日本の子どもたちが近年、学力や体力・運動能力の低下、肥満や糖尿病など生活習慣病の増加、コミュニケーション能力の低下、意欲や向上心の低下、不登校や引きこもりの増加、孤独感、いじめ、自殺の増加など危機的な状況にあることは、日本学術会議・子どもを元気にする環境づくり戦略・政策検討委員会の報告「わが国の子どもを元気にする環境づくりのための国家的戦略の確立に向けて」 でも指摘されている。

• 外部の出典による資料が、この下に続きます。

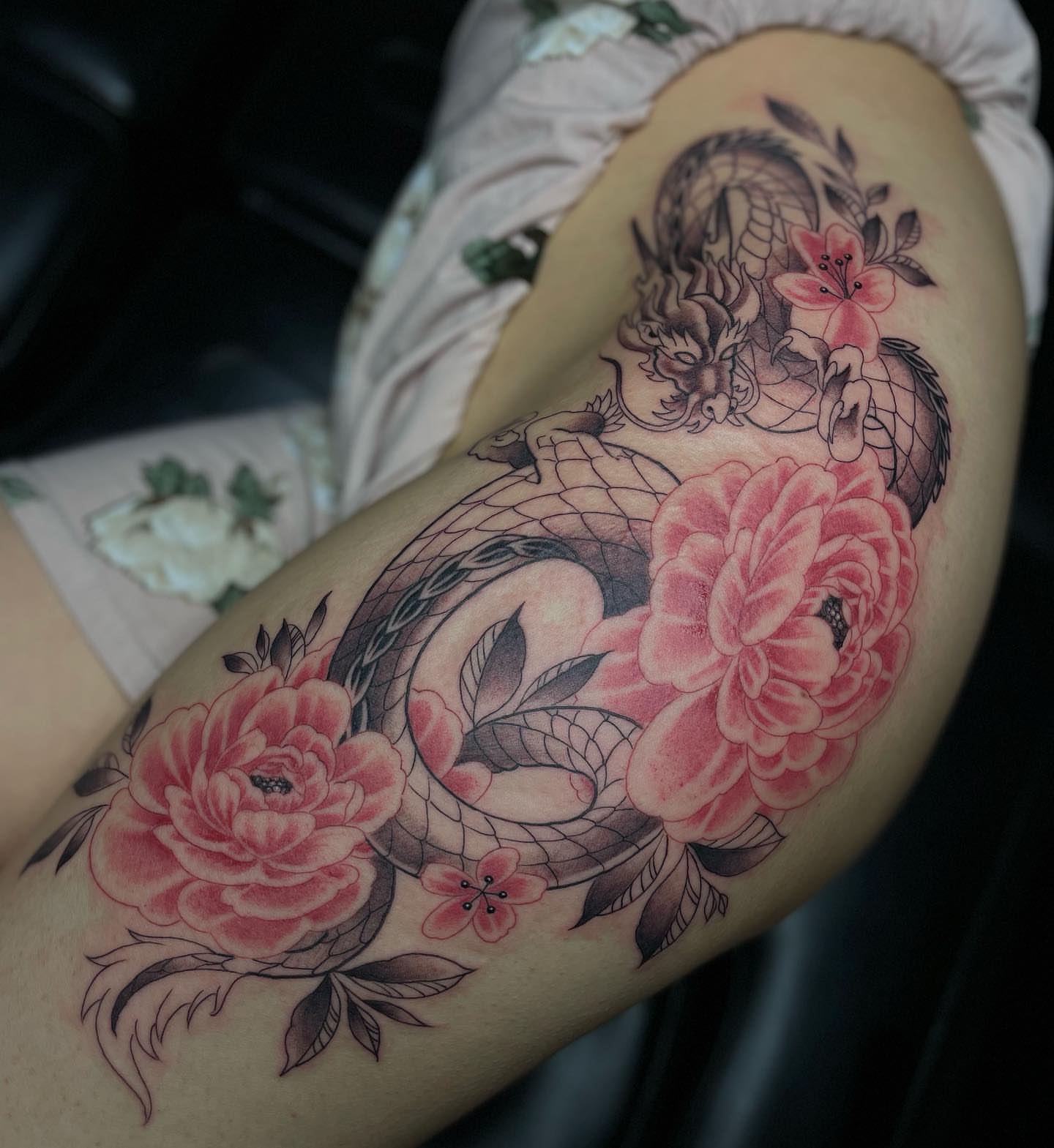 Snake and peony japanese irezumi tattoo on the thigh by Tam Nguyen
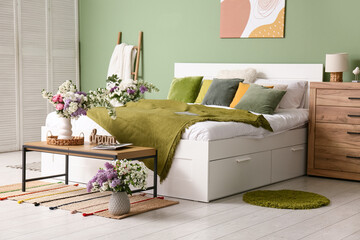 Interior of stylish spring bedroom with bed, ladder, commode and beautiful flowers bouquets in...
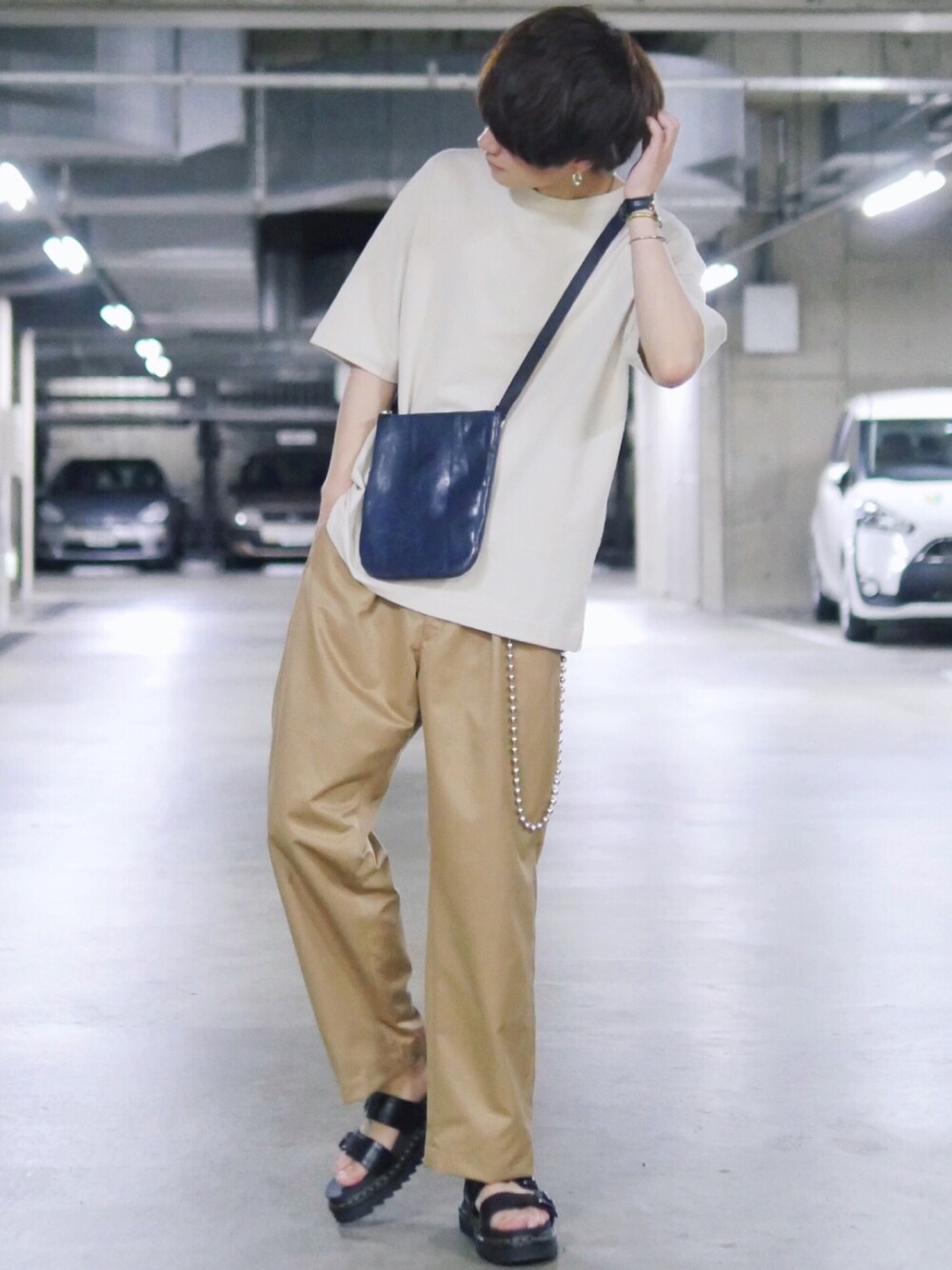 ベージュ系のTシャツ/カットソー、ブルー系のボディバッグ/ウエストポーチ、ベージュ系のスラックスを着用したメンズの春コーディネートの1枚目の写真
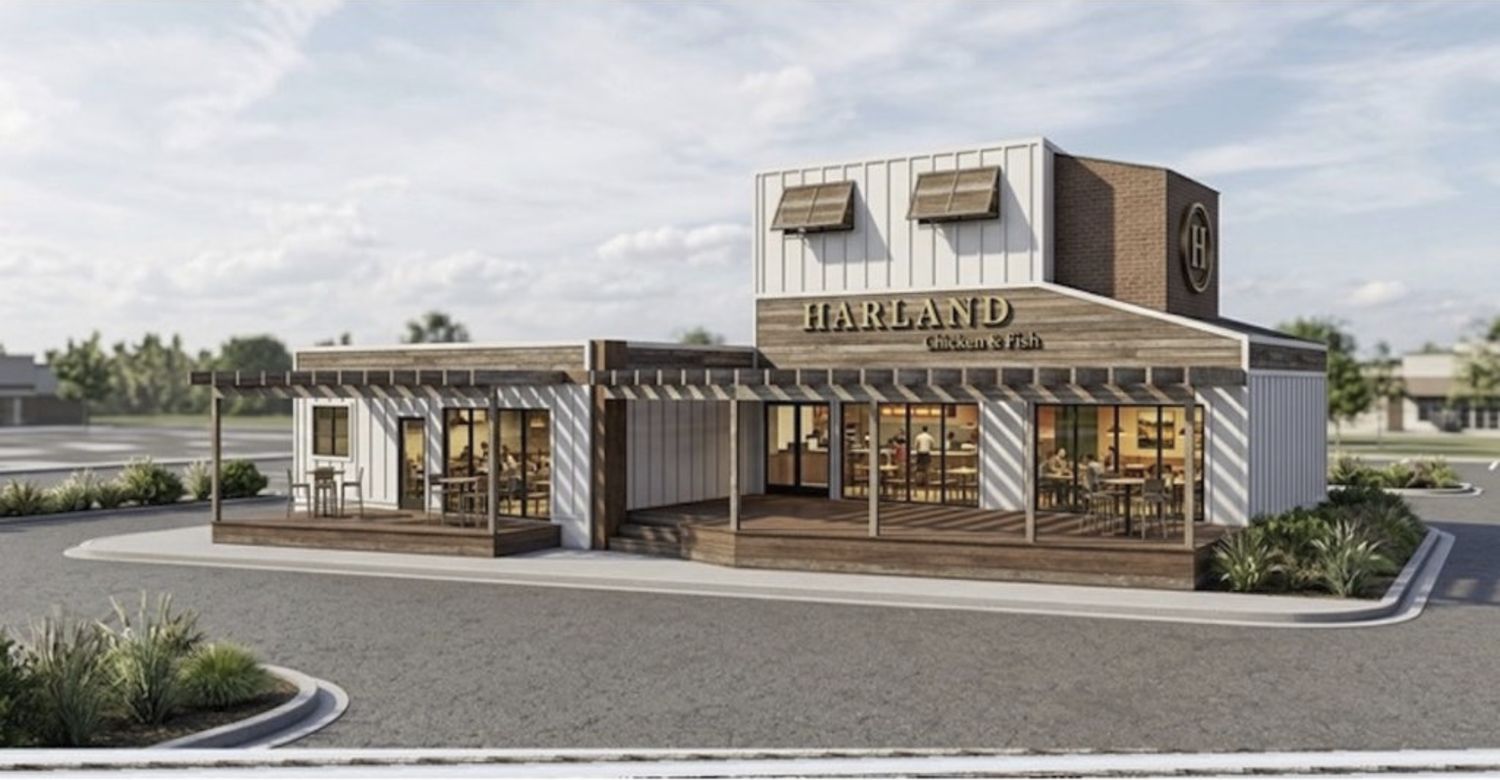 Architectural rendering of Harland Chicken & Fish in downtown Victoria, Minnesota — a single-story restaurant in reclaimed wood, white board-and-batten and corrugated metal with a covered patio and a circular H logo on a brick tower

日本学術会議子どもの成育環境分科会は、この報告を受けて、子どもたちが元気に育つ生育空間、生育方法、生育時間などについてさらに検討し、提言をしてきた。未来をつくる子どもたちにやさしい都市を実現するため引き続き、議論していきたい。
五十嵐隆(いがらし たかし)氏のプロフィール
東京都立日比谷高校卒。1978年東京大学医学部医学科卒、82年東京大学医学部付属病院小児科助手、85年米ハーバード大学ボストン小児病院研究員、91年東京大学医学部付属病院分院小児科講師、2000年東京大学大学院医学系研究科教授。2004年から2011年まで東京大学医学部附属病院副院長兼務。専門は小児科学。医学博士。日本学術会議会員。日本小児科学会会長、日本小児保健協会理事、日本腎臓学会理事、日本保育園保健協議会理事も。